─── Source information

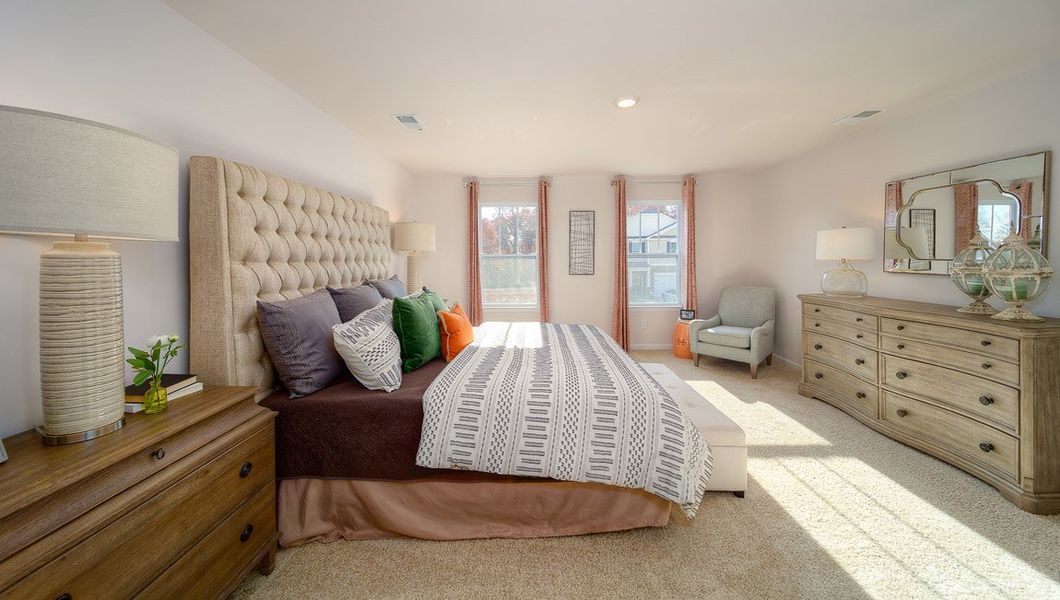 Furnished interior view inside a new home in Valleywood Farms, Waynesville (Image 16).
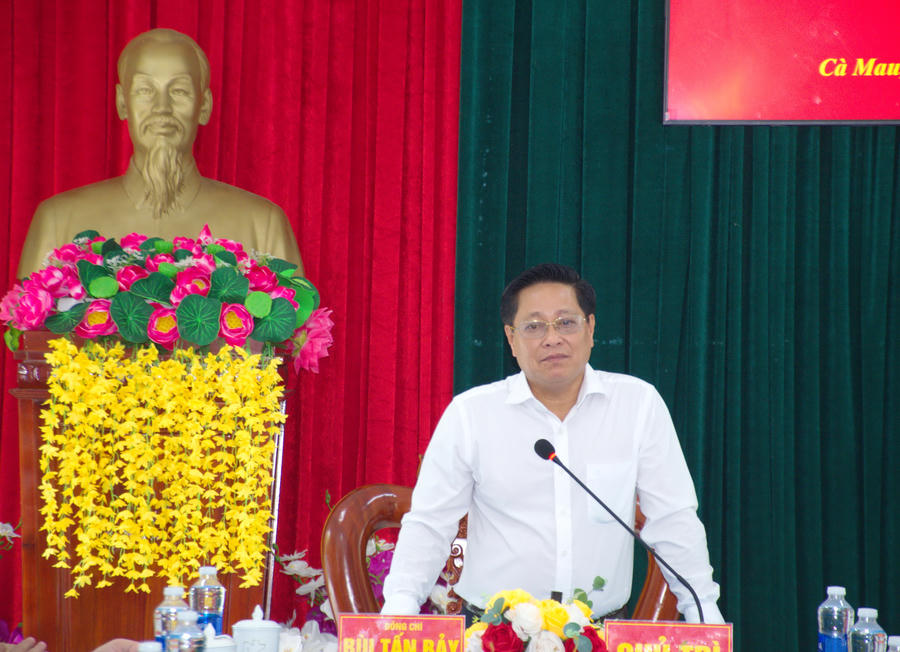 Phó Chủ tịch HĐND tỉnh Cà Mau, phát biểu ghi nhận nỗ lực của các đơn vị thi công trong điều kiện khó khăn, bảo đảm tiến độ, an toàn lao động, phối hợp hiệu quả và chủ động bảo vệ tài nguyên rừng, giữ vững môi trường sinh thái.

──────
─── Source information

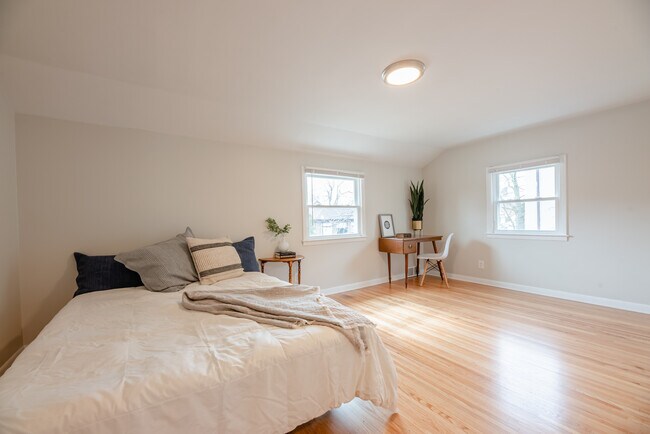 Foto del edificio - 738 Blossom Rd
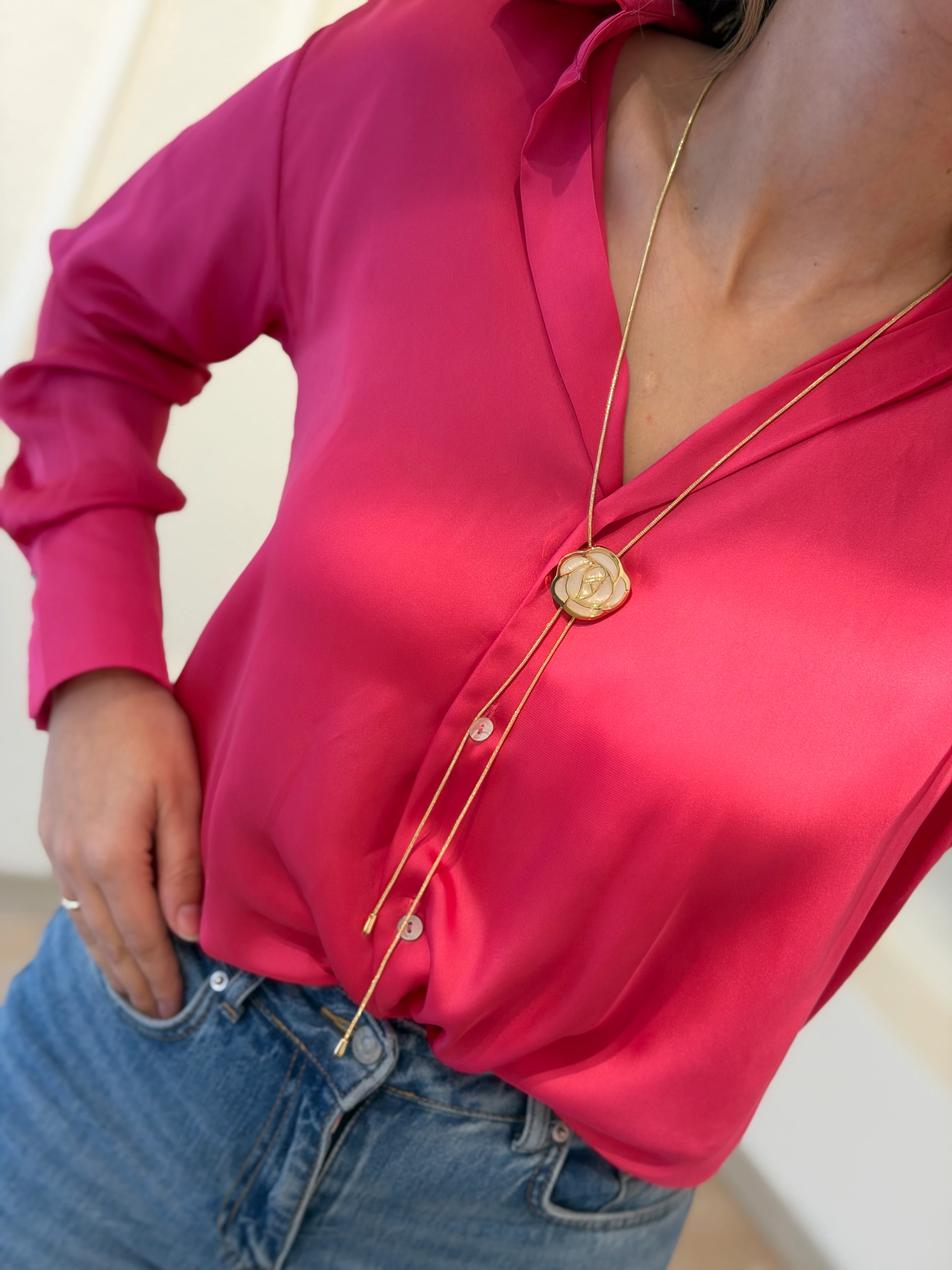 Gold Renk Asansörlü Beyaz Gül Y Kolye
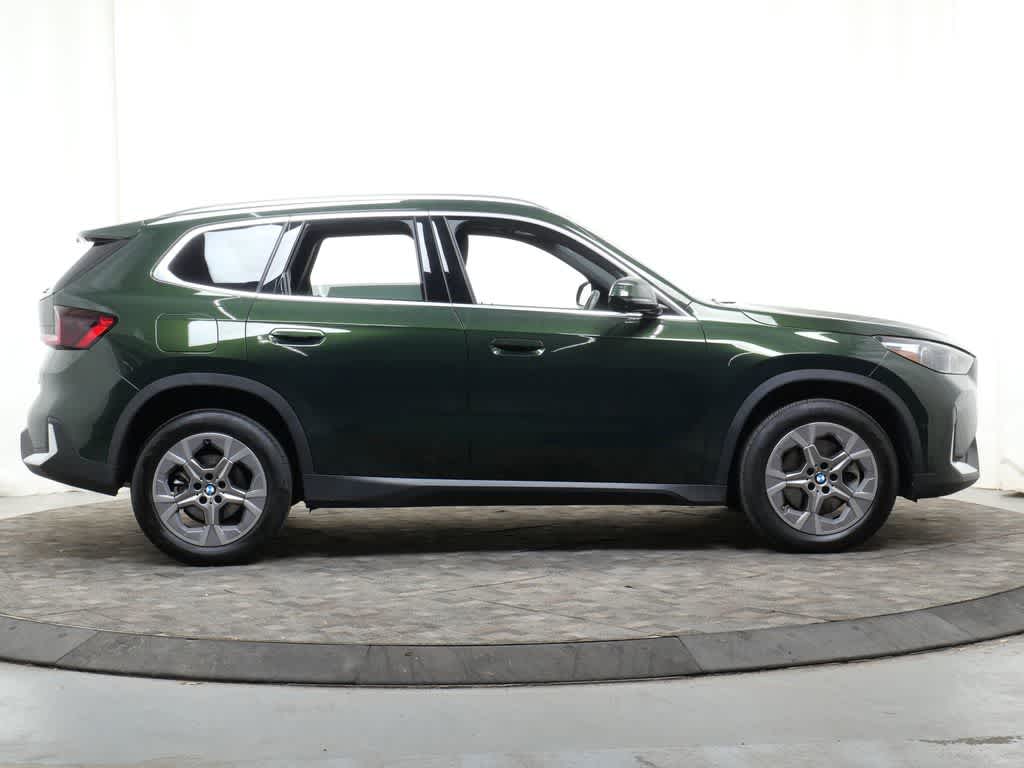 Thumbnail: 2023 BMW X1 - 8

──────
─── Source information

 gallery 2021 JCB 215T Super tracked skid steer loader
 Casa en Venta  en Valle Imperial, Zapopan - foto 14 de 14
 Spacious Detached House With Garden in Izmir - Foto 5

──────

_What the task requires_: An exact copy is needed. It runs from the line above containing "Furnished interior view" down to the line containing "Phó Chủ tịch", both included, with no pictures.

_Solved exercise_:
 Furnished interior view inside a new home in Valleywood Farms, Waynesville (Image 16).
 Phó Chủ tịch HĐND tỉnh Cà Mau, phát biểu ghi nhận nỗ lực của các đơn vị thi công trong điều kiện khó khăn, bảo đảm tiến độ, an toàn lao động, phối hợp hiệu quả và chủ động bảo vệ tài nguyên rừng, giữ vững môi trường sinh thái.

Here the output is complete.